Presiden: Pemerintah Siap Antisipasi Kenaikan Harga Pangan

Dokumentasi - Presiden Republik Indonesia Joko Widodo. (Foto: Dok. Biro Pers Sekretariat Presiden)

KBRN, Jakarta: Presiden Joko Widodo kembali menegaskan bahwa dunia termasuk Indonesia, saat ini dihadapkan pada kemungkinan kenaikan harga pangan dan energi, sehingga pemerintah perlu menyiapkan langkah antisipasi, berkaca dari kasus minyak goreng.

“Tidak mudah, terutama dua hal di seluruh negara yang sekarang ini naik semuanya. Yang pertama, energi, berarti BBM, gas, listrik, semuanya naik, di semua negara. Yang kedua pangan, naik semuanya,” kata Presiden di Kabupaten Magelang, Sabtu (21/5/2022).

Meski tidak mudah, Pemerintah terus berupaya agar tidak terjadi lonjakan kenaikan harga di kedua sektor tersebut.

Presiden memberikan contoh kebijakan yang ditempuh Pemerintah agar tidak terjadi kenaikan harga minyak goreng.

Seperti minyak goreng, Presiden mengatakan, bahwa sejumlah kebijakan telah diputuskan untuk menjaga kestabilan harga minyak goreng di pasaran.

Namun ternyata persoalan minyak goreng bukanlah hal mudah.

Ia menuturkan, sejak Januari 2022 telah terjadi kenaikan harga minyak goreng yang disebabkan adanya kenaikan harga internasional.

“Karena harga minyak goreng terutama di Eropa, di Amerika, naiknya tinggi. Sehingga harga di dalam negeri (Indonesia, red) ketarik (ikut naik harganya),” ucap Presiden.

Oleh karenanya, produsen minyak goreng di dalam negeri lebih memilih mengekspor minyak goreng dibandingkan memasok di dalam negeri sehingga terjadi kenaikan harga minyak di dalam negeri karena kelangkaan stok.

Untuk mengatasi persoalan tersebut, Presiden akhirnya memutuskan beberapa kebijakan untuk mengatasi persoalan tersebut.

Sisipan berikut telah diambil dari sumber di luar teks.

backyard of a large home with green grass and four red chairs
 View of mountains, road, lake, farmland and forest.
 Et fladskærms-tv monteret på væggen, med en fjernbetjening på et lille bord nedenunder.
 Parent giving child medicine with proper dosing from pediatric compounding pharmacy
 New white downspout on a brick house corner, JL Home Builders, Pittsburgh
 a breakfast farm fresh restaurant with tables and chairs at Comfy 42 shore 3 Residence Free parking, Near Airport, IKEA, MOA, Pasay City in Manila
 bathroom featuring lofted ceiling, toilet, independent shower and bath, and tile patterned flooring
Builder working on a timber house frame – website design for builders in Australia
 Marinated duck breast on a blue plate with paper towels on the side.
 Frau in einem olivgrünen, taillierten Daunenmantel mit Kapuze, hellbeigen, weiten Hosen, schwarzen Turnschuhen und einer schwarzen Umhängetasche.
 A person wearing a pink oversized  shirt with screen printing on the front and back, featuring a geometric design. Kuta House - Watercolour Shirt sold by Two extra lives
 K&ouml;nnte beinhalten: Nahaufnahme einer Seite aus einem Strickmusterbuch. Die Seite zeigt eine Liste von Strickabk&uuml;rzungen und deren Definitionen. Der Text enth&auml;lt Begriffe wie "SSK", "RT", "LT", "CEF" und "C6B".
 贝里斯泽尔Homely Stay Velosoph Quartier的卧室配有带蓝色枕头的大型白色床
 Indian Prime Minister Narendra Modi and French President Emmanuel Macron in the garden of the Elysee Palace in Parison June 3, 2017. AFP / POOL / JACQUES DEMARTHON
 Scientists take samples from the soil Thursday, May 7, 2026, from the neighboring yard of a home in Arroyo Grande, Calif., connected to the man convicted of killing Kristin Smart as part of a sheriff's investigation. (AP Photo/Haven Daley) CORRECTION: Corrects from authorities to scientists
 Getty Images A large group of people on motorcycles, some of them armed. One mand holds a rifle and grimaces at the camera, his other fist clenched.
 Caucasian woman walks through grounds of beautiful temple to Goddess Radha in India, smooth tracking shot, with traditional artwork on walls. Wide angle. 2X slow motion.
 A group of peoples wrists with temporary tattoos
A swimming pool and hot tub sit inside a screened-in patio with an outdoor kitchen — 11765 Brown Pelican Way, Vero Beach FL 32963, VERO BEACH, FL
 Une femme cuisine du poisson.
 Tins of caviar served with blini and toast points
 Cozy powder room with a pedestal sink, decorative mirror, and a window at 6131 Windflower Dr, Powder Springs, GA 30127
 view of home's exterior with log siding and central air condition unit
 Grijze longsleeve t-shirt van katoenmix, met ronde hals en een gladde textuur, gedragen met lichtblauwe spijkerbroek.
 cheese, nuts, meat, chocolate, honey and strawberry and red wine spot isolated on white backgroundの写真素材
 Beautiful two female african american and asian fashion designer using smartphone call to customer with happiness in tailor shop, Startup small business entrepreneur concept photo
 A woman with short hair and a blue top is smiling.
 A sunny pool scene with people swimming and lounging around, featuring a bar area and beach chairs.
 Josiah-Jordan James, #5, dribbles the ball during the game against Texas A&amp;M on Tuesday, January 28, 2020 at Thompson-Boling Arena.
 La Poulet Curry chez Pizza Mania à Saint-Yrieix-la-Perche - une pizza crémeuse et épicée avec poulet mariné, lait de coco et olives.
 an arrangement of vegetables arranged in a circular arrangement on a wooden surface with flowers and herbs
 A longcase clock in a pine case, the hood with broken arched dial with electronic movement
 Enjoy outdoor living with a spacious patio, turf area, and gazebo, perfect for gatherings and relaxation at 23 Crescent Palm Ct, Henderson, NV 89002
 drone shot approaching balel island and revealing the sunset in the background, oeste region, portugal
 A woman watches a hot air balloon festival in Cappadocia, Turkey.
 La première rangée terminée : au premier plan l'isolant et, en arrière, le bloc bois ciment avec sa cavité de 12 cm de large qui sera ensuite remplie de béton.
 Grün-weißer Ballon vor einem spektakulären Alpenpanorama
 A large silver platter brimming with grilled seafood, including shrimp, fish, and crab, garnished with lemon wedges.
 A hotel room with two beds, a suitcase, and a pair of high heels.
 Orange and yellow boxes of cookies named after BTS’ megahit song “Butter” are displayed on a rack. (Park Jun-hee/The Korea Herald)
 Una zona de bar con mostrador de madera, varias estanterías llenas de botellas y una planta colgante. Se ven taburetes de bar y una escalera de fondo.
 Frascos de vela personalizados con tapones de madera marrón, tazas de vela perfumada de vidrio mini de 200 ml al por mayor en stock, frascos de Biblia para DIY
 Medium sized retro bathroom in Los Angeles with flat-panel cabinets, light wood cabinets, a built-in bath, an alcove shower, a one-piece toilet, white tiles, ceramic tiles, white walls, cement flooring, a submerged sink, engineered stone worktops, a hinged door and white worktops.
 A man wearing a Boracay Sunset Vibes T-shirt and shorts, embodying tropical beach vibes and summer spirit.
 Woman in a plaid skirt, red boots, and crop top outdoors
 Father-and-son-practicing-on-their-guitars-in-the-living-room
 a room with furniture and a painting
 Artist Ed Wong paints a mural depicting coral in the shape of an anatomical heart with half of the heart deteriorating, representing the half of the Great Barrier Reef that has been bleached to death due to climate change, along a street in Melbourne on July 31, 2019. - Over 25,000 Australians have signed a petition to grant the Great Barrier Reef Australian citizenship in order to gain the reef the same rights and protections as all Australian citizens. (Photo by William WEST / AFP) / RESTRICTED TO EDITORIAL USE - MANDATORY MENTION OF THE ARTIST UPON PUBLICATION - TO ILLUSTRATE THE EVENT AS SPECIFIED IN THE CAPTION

“Akhirnya saya setop, minyak goreng enggak boleh ekspor. Tetapi itu juga kebijakan yang tidak mudah,” katanya.

Setelah ekspor minyak goreng dihentikan, harga tandan sawit jatuh, dan ini terkait dengan 17 juta orang tenaga kerja, baik sebagai petani maupun pekerja.

“Negara ini mencari keseimbangan seperti itu tidak mudah, jangan dipikir gampang, tidak mudah. Begitu juga selain urusan petani, urusan pekerja sawit, juga urusan income negara,” imbuhnya.

Meski demikian, Presiden Jokowi optimistis dalam dua pekan ke depan harga minyak goreng di pasaran sudah sesuai dengan yang diharapkan oleh pemerintah.

“Tapi ini kuncinya sudah ketemu, ini dalam seminggu, dua minggu, Insya Allah yang namanya minyak goreng curah akan berada di harga Rp14.000 (per liter),” sambungnya.

“Tadi saya cek di Pasar Muntilan, saya mampir cek harga berapa per liter, ternyata Rp14.500. Besok saya mau cek di pasar-pasar yang lain, mungkin dalam waktu seminggu, dua minggu, saya kira semua pasar harganya sudah seperti itu,” katanya.

Pada kesempatan tersebut, Presiden juga bersyukur dengan harga beras yang relatif stabil dan stok beras yang mencukupi.

Dalam tiga tahun terakhir, nilai impor beras yang dilakukan oleh pemerintah sangat kecil.

“Biasanya kita impor 1.1 juta sampai 2 juta ton per tahun, sudah tiga tahun ini tidak. Ini yang harus dipertahankan. Syukur stoknya bisa kita perbesar. Artinya produktivitas petani itu harus ditingkatkan,” tandas Kepala Negara.